*About this task*
Print the whole listing again exactly as it stands, leaving out any images.

*Data extract*
* * *

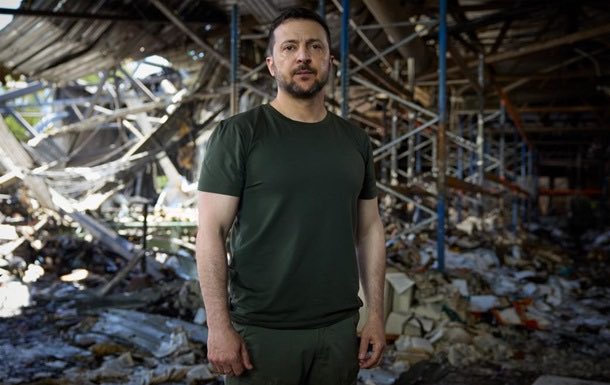 Zelensky on destruction of Russian missiles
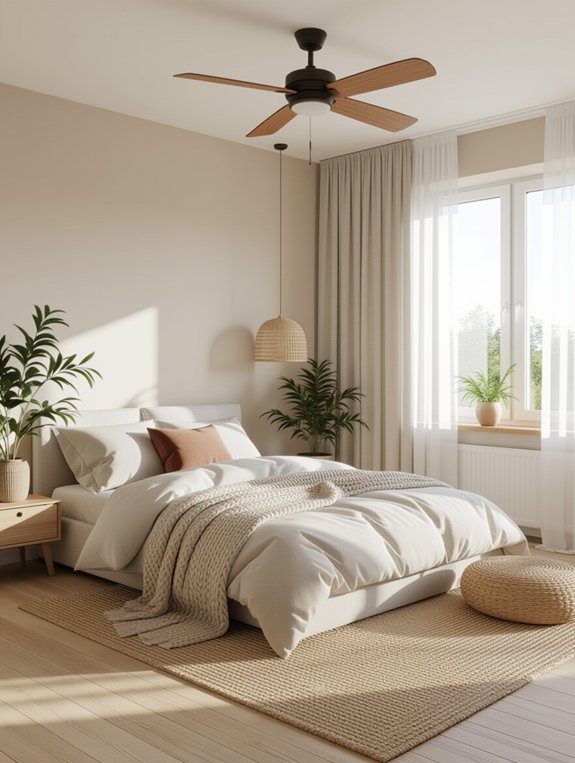 scandinavian simplicity with nature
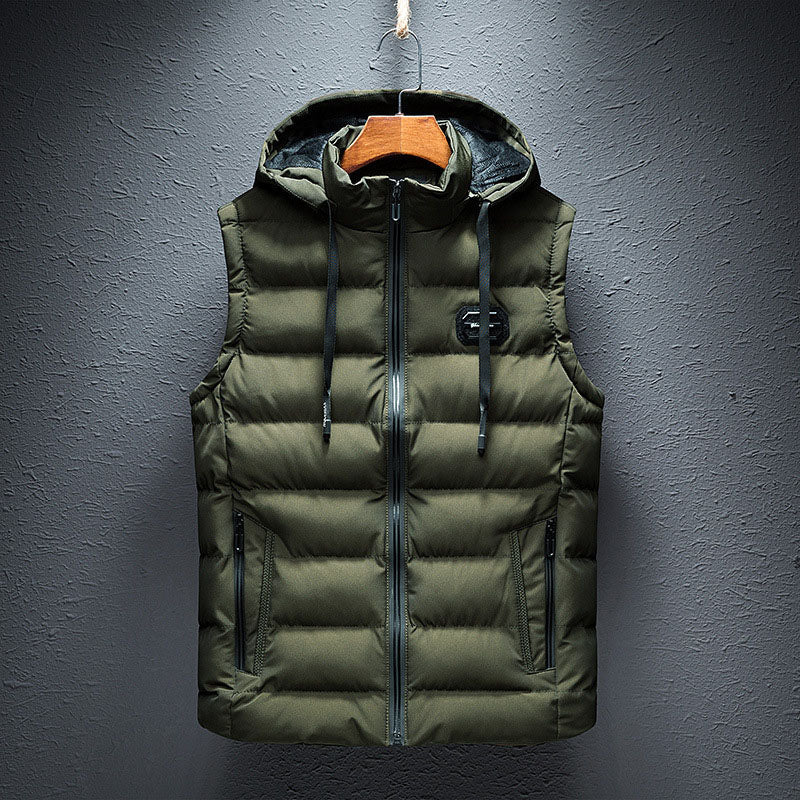 VALERE — Quilted Vest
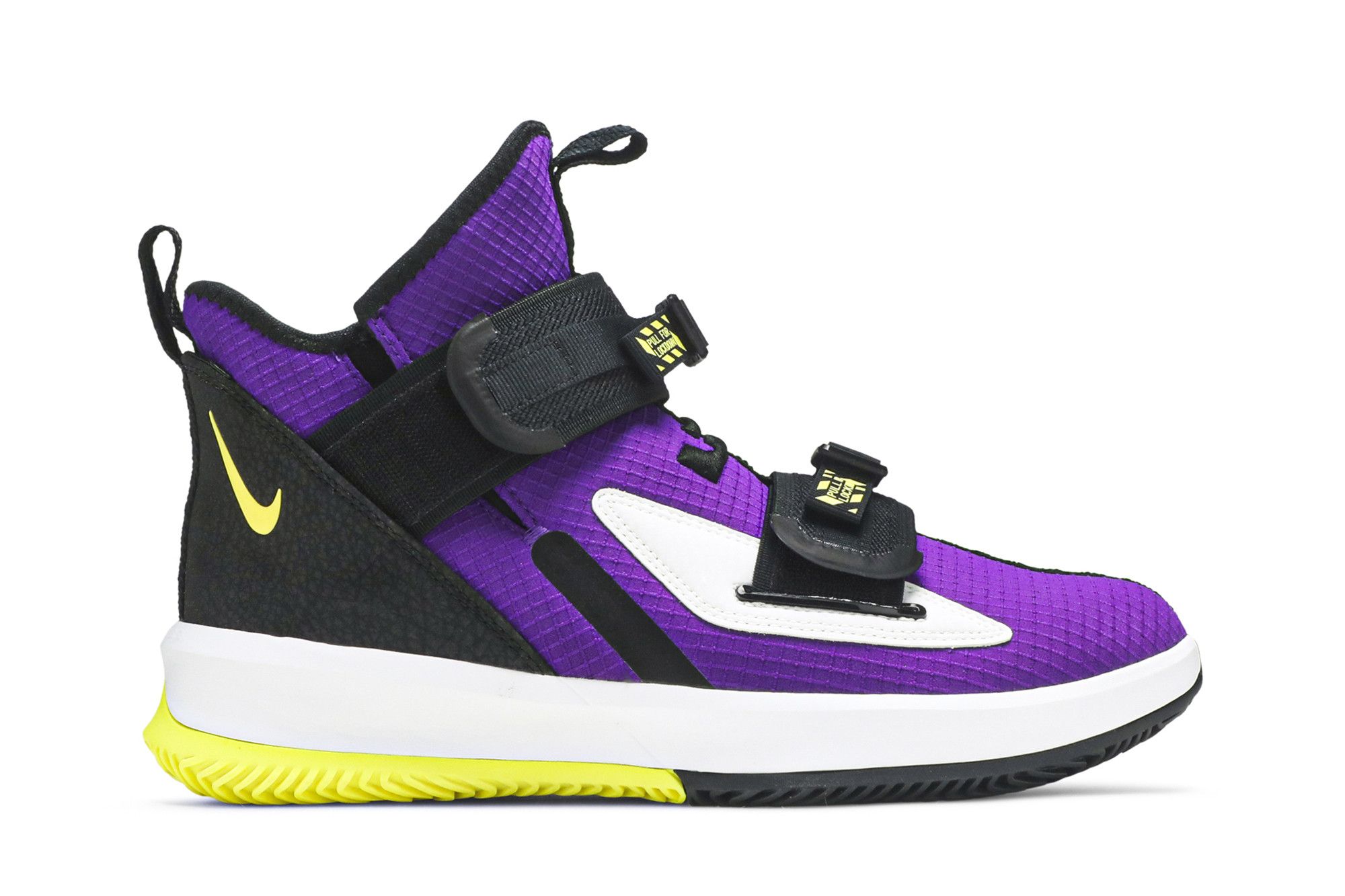 Size 10.5 LeBron Soldier 13 SFG Lakers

* * *

*Output of the task*
 Zelensky on destruction of Russian missiles
 scandinavian simplicity with nature
 VALERE — Quilted Vest
 Size 10.5 LeBron Soldier 13 SFG Lakers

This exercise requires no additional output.